Many companies apply the basic principles of utilitarianism in order to maximize positive effects of this philosophy. However, many variations of this theory exist. Let’s examine some of them:
- Negative Utilitarianism: this is probably the rarest form of utilitarianism. Unlike other forms which promote the greatest good, this form focuses on promoting the least amount of harm to the largest amount of people. In the business world, this variation centers on the idea that even a small harm can hold severe consequences for employees, bystanders, or the company as a whole.
- Act Utilitarianism: this is the simplest, most straightforward variation of the utility theory. Business owners who employ this principle tend to judge the outcome of each action individually. The fatal flaw of act utilitarianism is a failure to comprehend the bigger picture which serves as a vital aspect for any business.

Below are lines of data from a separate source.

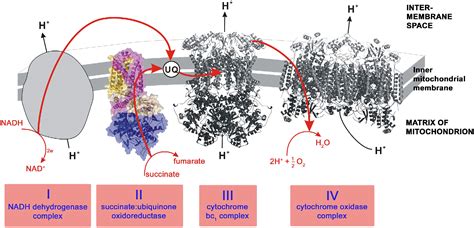 Crystal Structure Of Mitochondrial Respiratory Membrane Protein Complex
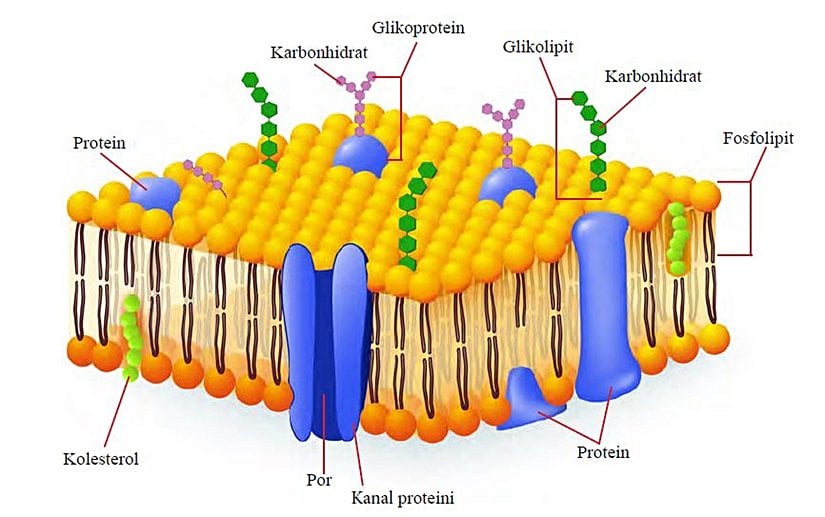 Akıcı mozaik hücre zarı modelinde glikolipit ve glikoproteinlerin gösterimi.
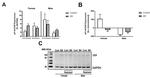 GAPDH Loading Control Antibody in Western Blot (WB)
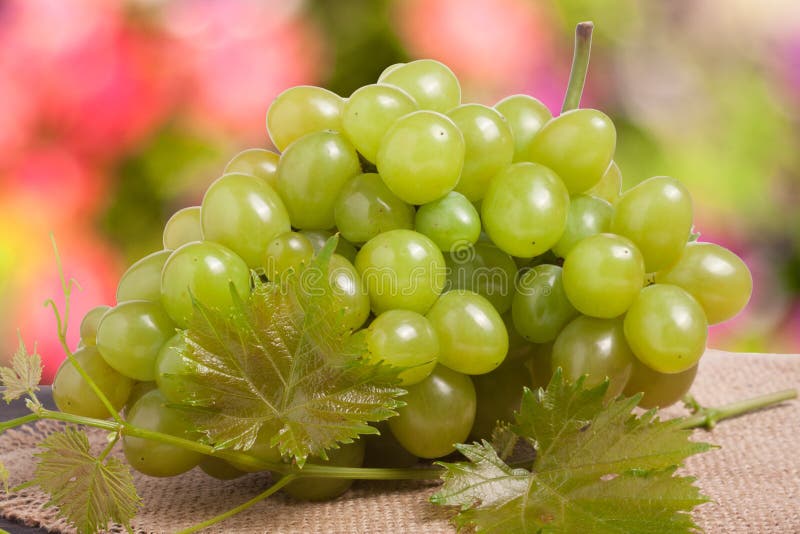 Manojo de uvas verdes en harpillera con un fondo borroso imágenes de archivo libres de regalías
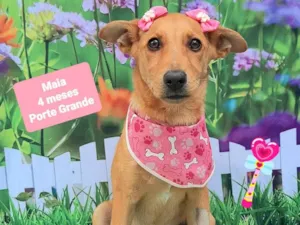 Cachorro raça SRD-ViraLata idade 2 a 6 meses nome Maiaaaa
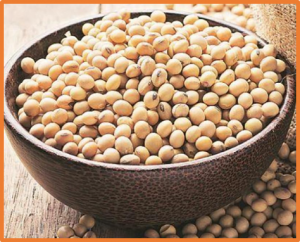 Genome-wide identification and analysis of soybean acyl-ACP thioesterase gene family reveals the role of GmFAT to improve fatty acid composition in soybean seed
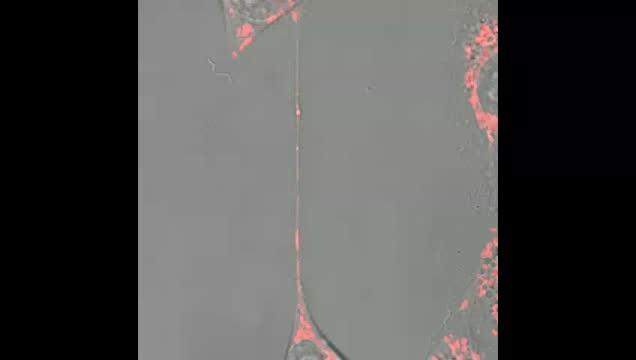 Transfer of Mitochondria between Stem Cells Via Tunneling Microtubes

- Rule Utilitarianism: none of the aforementioned variations manage to resolve the moral loop-hole. Rule utilitarianism attempts to assess the utility of a course of action without taking into consideration individual acts. In other words, if the end result lies beyond expectations (examples: great profitability, employee satisfaction, increased productivity), everyone should respect the rule set in place. Rule utilitarianism is without a doubt the most criticized variation of the theory. This form employs methods that affect the happiness of those involved.
- Preference Utilitarianism is the variation which considers that the greater good should also satisfy personal preferences. Simply put, a business that uses the principles of preference utilitarianism will not strive to achieve the greatest good if it affects others in the process.

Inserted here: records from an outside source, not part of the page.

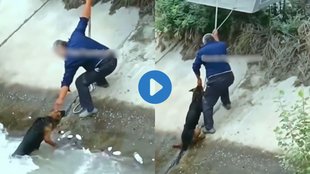 Viral Video| Trending Video| Emotional Video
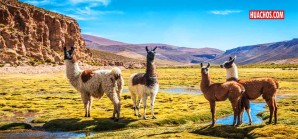 La llama podría ser parte de la solución en la lucha contra el peligroso virus Covid19 La llama podría ser parte de la solución en la lucha contra el peligroso virus Covid19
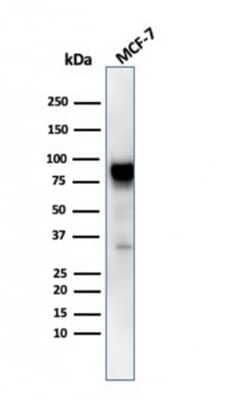Western Blot: HSP90 beta Antibody (HSP90AB1/3953)Azide and BSA Free [NBP3-08908]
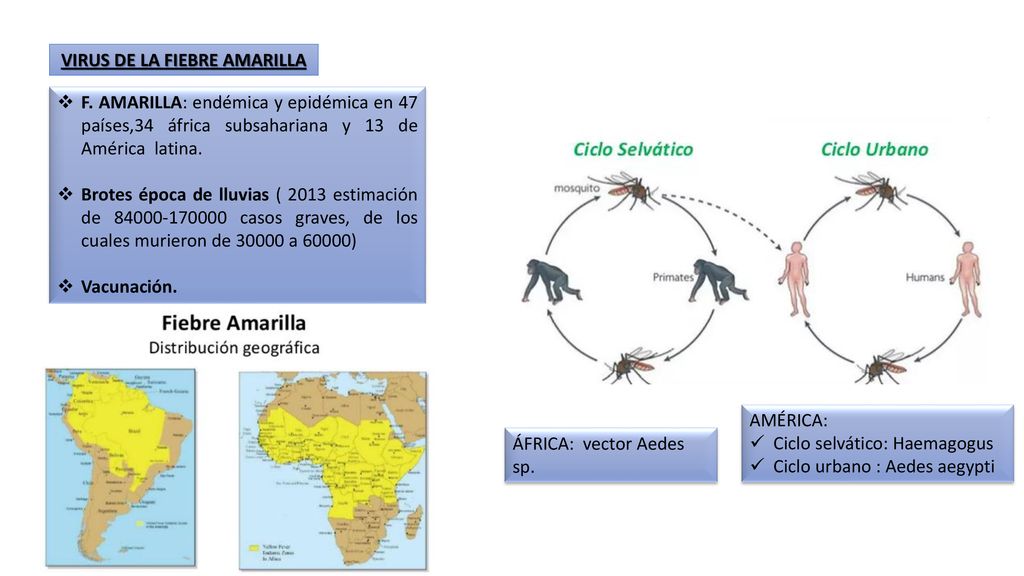 diagnóstico de arenavirus de la diabetes
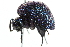  ( - 10BBCOL-0544)  @14 [ ] CreativeCommons - Attribution (2010) CBG Photography Group Centre for Biodiversity Genomics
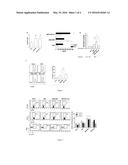 PHARMACEUTICAL COMPOSITION FOR VIRAL IMMUNOTHERAPY AND USES THEREOF diagram and image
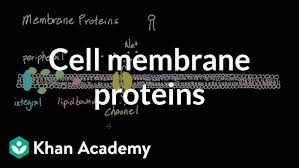Detergents Applications In Membrane Proteins Research - Cusabio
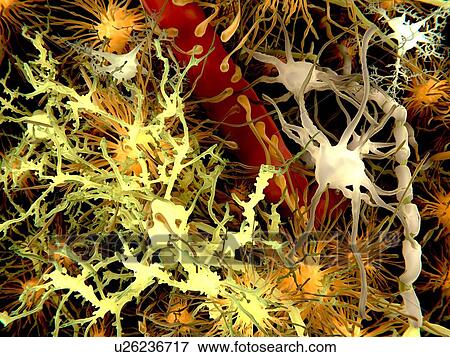 Human brain cells, artwork View Large Illustration Stock Illustration - Human brain cells, artwork. Fotosearch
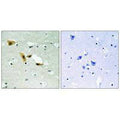 Immunohistochemistry analysis of paraffin-embedded human brain tissue using APLF (Ab-116) antibody.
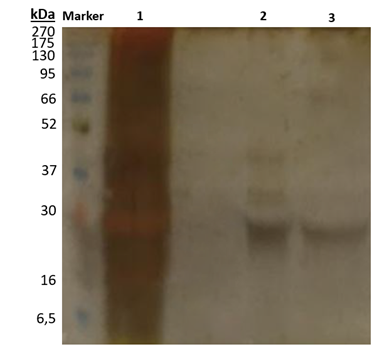 Figure 1: Accordingly, an intense band around 28 kDa and some unwanted protein bands were observed on the gel. Studies that use plants as PPO source in the literature have shown that the molecular weight of PPO enzymes vary between 27 and 144 kDa. While PPO enzymes were observed as a single band on the gel in most of these studies, more than one band could also be seen in some of them due to the presence of different PPO isoforms [3]. The examples of PPO enzymes whose molecular weight has been reported include 26-36 kDa for potato PPPO [8], 51.3 kDa for broccoli PPO [41], 57.5 kDa for green bean PPO [42], 80.6 kDa for borage PPO [43] and 53, 112 and 144 kDa for mango PPO [44-46].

So, What is Utilitarianism Ethics?
Because the core nature of Utilitarianism (or the aim to achieve ultimate happiness within a group, society or business), gray lines cannot exist. According to the term’s definition, morally correct decisions lead to positive results. This creates a black and white of what is acceptable within a business. We refer to this as the utilitarianism ethics of business.
Let’s examine an example of utilitarian ethics: a pharmacy decides to sell a new drug which alleviates severe heart conditions. The prescription mentions all of the side-effects which are minor in comparison to the benefits (or compared to the dire nature of not taking the medication and suffering from the heart disease). In business, Utilitarian Ethics are difficult to uphold because many people typically just focus on themselves. Through perseverance, sustained work and morally correct decisions, a business can come to respect utilitarianism ethics.

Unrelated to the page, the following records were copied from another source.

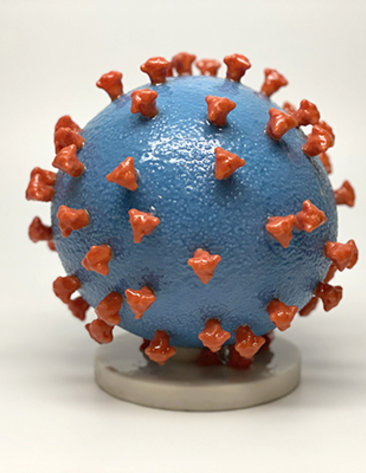 A model of the Covid spike protein: A large blue ball covered with protruding red spikes sits on a white base.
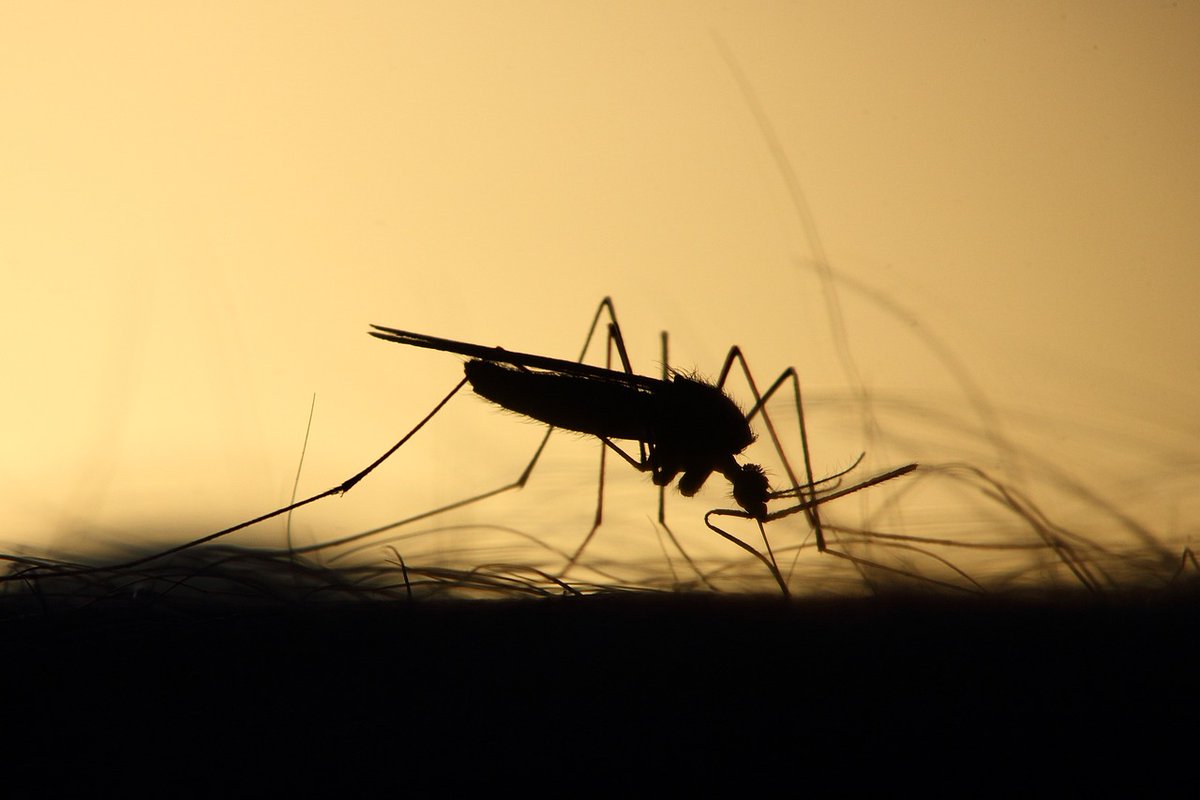 Oropouche virus disease (#OROV) imported to the EU for the first time: 19 cases of the zoonotic disease were reported, in people with travel history to Cuba and Brazil. ow.ly/NShS50SWXO9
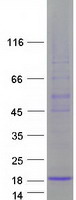 FAM19A3 Protein - Purified recombinant protein FAM19A3 was analyzed by SDS-PAGE gel and Coomassie Blue Staining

Case Study: Use of Utilitarianism in the Ford Pinto Case
You probably heard that the Ford Pinto went on sale despite having serious design flaws in its key components which included the fuel tank. Despite these problems, the manufacturer still sold this vehicle (and it sold very well). Engineers knew that the car had problems. They did not make any safety modifications.
“They weighed the risk of harm and the overall cost of avoiding it.” – Leggett, 1999
Ford estimated how many deaths would result from these problems and concluded that it would be more profitable for them to not do anything about it. In other words, the value of human life was taken into account as an economic commodity. The Ford Pinto case represents a perfect example of misguided business ethics and an incorrect use of utilitarianism (where profits outweigh moral values or human life). Not only was the company unable to measure and quantify any harms, but it also failed to draw the line at the end of the day. Ford failed to say that the end could justify the means.
The use of Utilitarianism can have a positive influence for many businesses; however, the company must accurately calculate factors which will decide the end results. In addition, Utilitarian ethics should never be superseded by a lust for profit.